Das Cover des Buches passt nicht ganz zur Beschreibung der für den Grafen gefühlt briefmarkengroßen Öffnung in seinem neuen Domizil, vielmehr ist es wohl der letzte Blick auf die geliebte Freiheit, derer er auf unbestimmte Zeit entsagen muss. Allerdings gibt sich Alexander Rostov keiner Verbitterung oder Rachegedanken hin, er versucht lieber Herr seiner Umstände zu sein, statt von ihnen beherrscht zu werden. Wie er das unter anderem mithilfe der geretteten literarischen Wälzer seines Vaters tun will, ist höchst amüsant beschrieben. Immer aufgeschoben, ist jetzt wohl die rechte Zeit zum Lesen dieser gekommen, aber die Minuten dehnen sich wie Stunden und Ablenkung wird sehnlichst erwaret.

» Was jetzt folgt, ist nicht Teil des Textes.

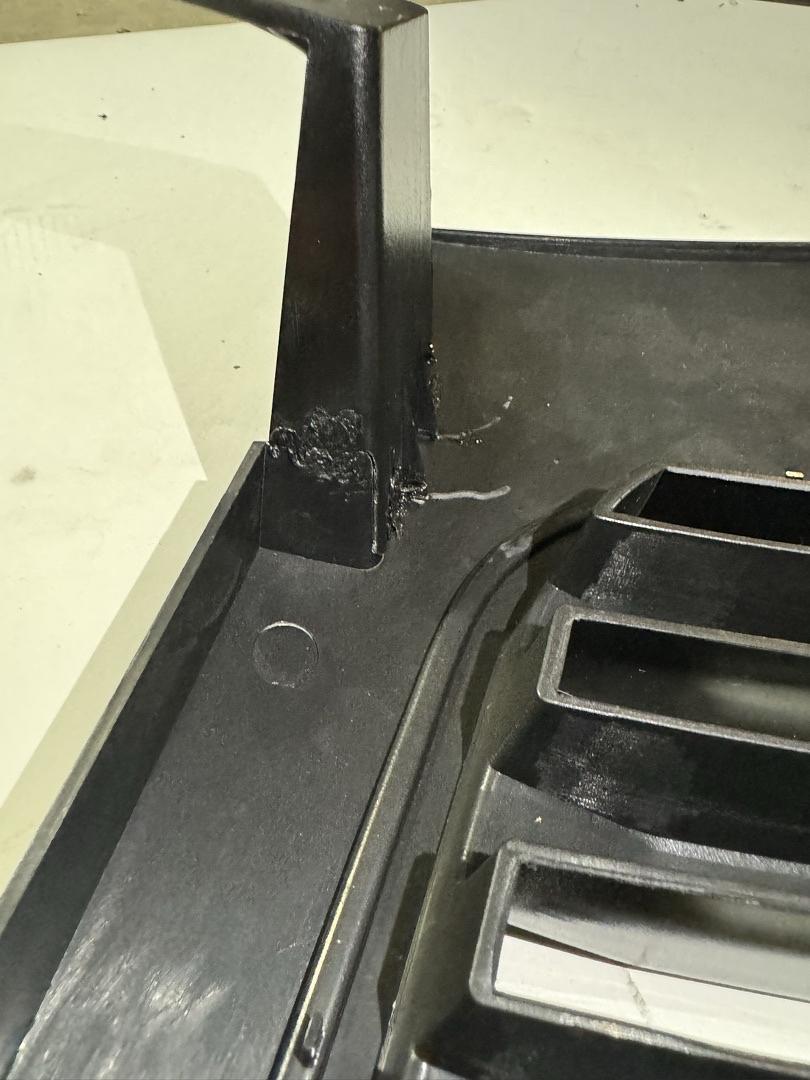 02-06 Cadilac Escalade Vertical Black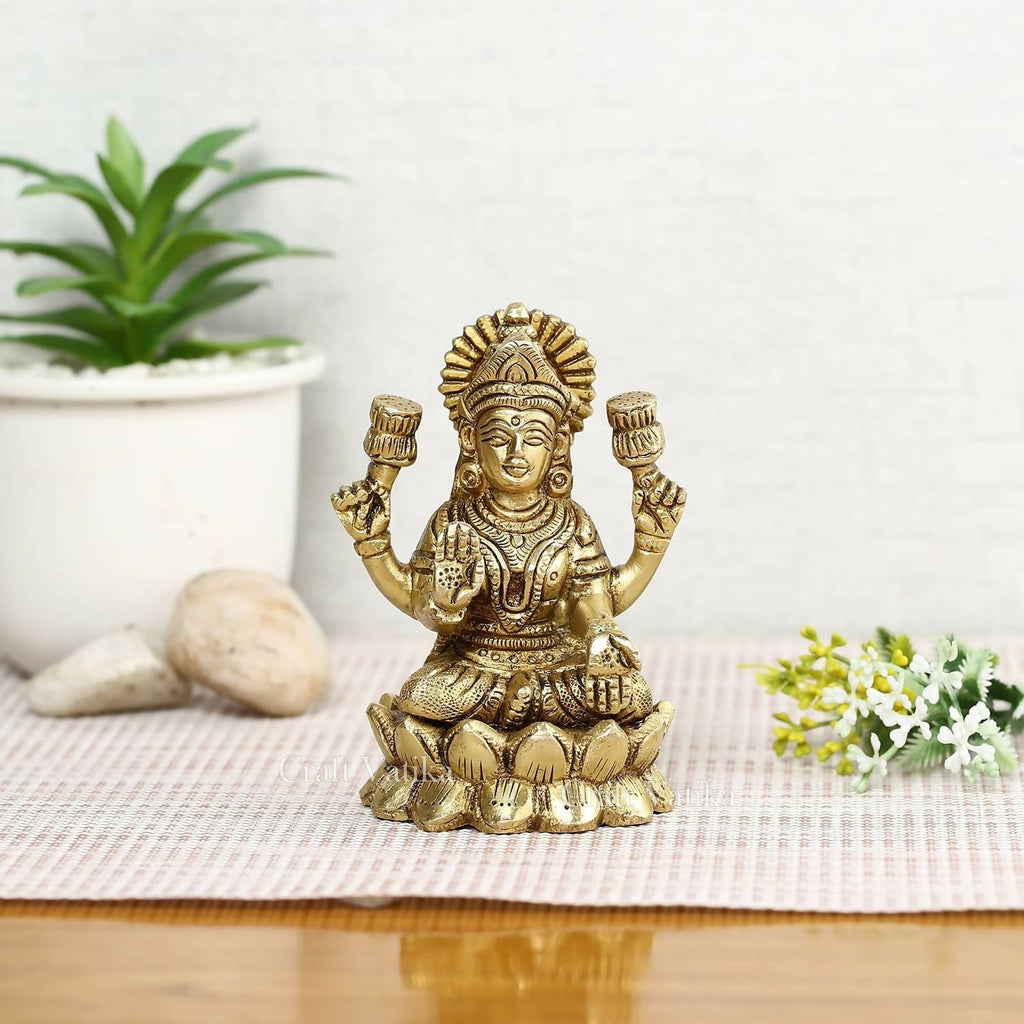 Collectible India Brass Lakshmi Goddess Statue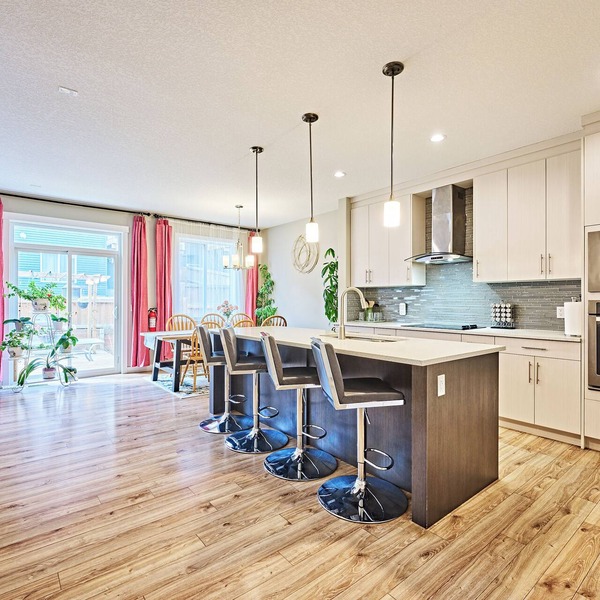 Calgary Mega-Home: 7BR, 2 Kitchens, 5 Baths! Groups, Family & Banff Getaway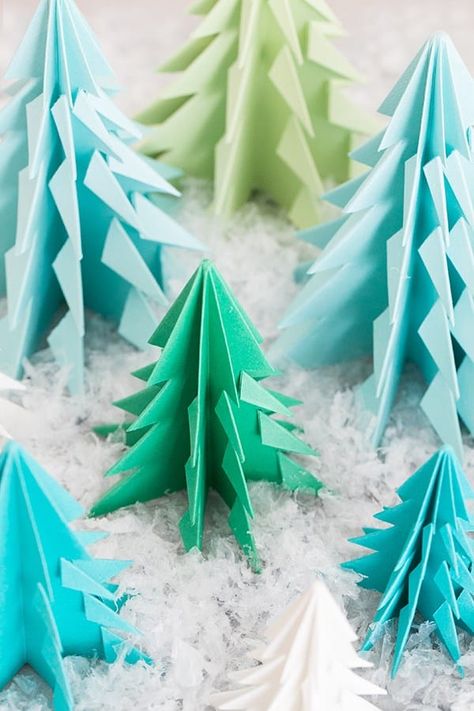 Austin Christmas, Origami Christmas Tree Card, Diy Origami Home Decor, Paper Christmas Trees, Origami Tree, Origami Christmas Ornament, Origami Home Decor, Diy Paper Christmas Tree, Creative Christmas Crafts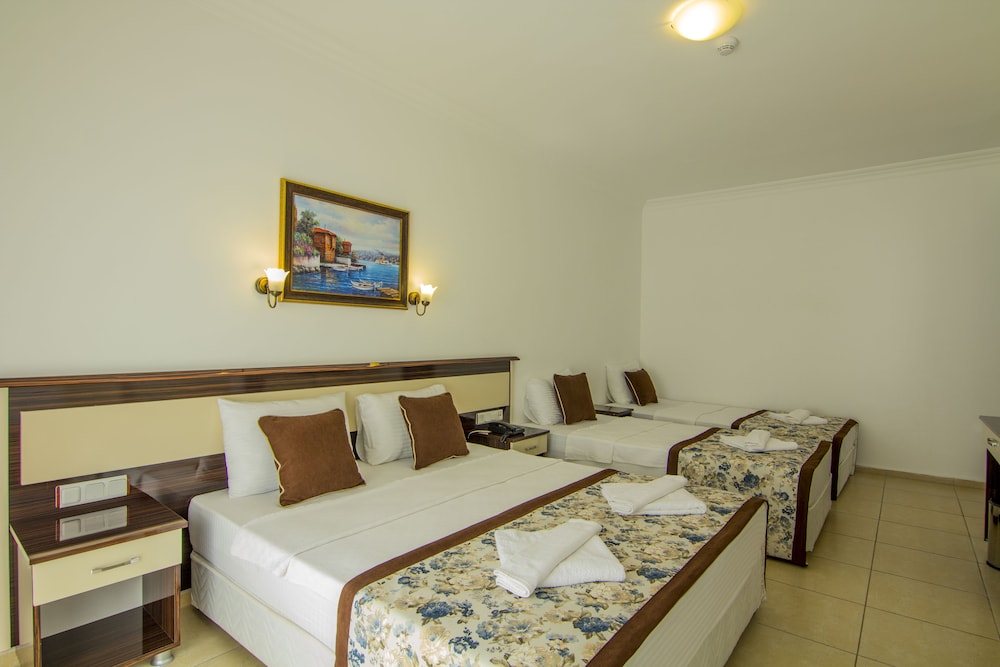 Belcekum Beach Hotel — Hotel rooms in Fethiye, Mugla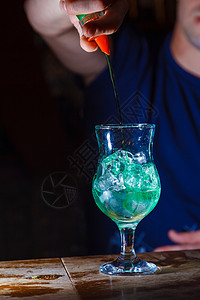 准备一个美丽的绿色鸡尾酒上面有冰块背景图片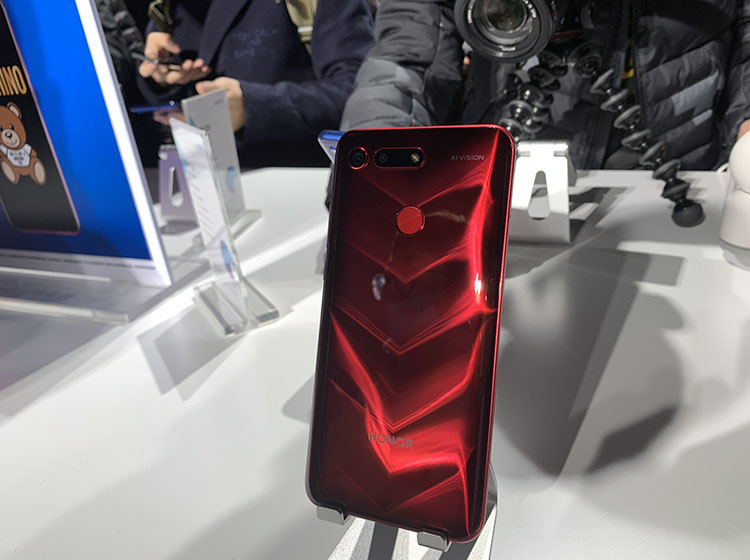   ����TOF������ҫV20�ܼ�⵽���˹����㣬��������о�ȷ���������Ρ��������ܲ�׽�Ͳɼ�����Ķ���������3D��ż�Ķ�����ʵ��������3D��������һ�����裬ͬʱ����¼��С��Ƶֱ�ӷ���������APP��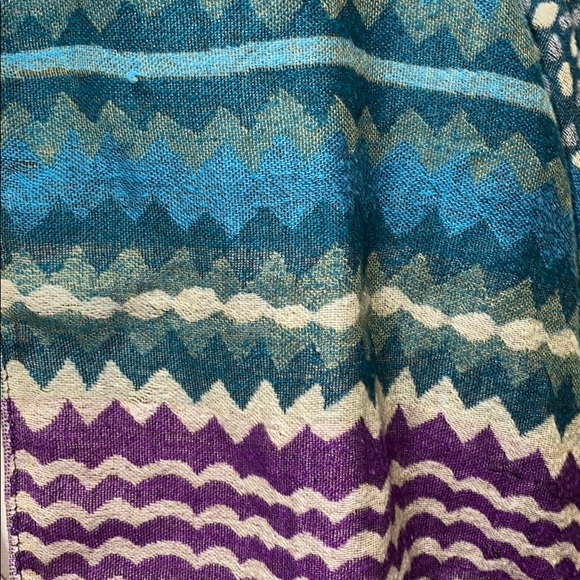 Abstract scarf/wrap - Picture 3 of 4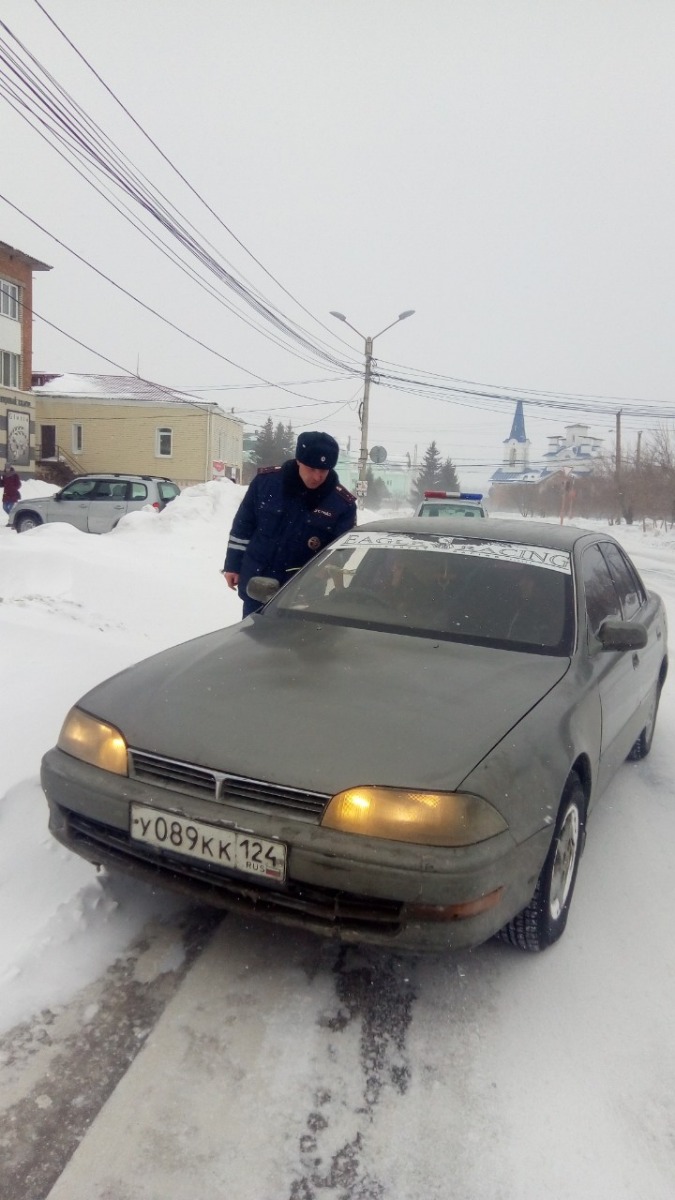 Сотрудники Госавтоинспекции города Боготола поздравили женщин-водителей с праздником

Der Graf ist ein genauer Beobachter, bildet sich immer seine Meinung, behält diese aber, eben wie ein Gentleman, sehr oft für sich. Dabei bleibt er immer charmant, offen für neues und ehrlich sich selbst sowie anderen gegenüber. Er ist ein Meister der Diplomatie. Das zeigt sich im Umgang mit dem neunjährigen Mädchen Nina, wenn es um das Erforschen neuer Welten durch geheime Türen und versteckte Räumlichkeiten geht. Oder bei der Erstellung der Sitzordnung für ein Bankett mit verschiedensten Politikern, welcher am Ende einer ausgeklügelten Choreografie gleicht, damit in diesem Minenfeld niemand zu Schaden kommt und jedes Ego gestreichelt ist.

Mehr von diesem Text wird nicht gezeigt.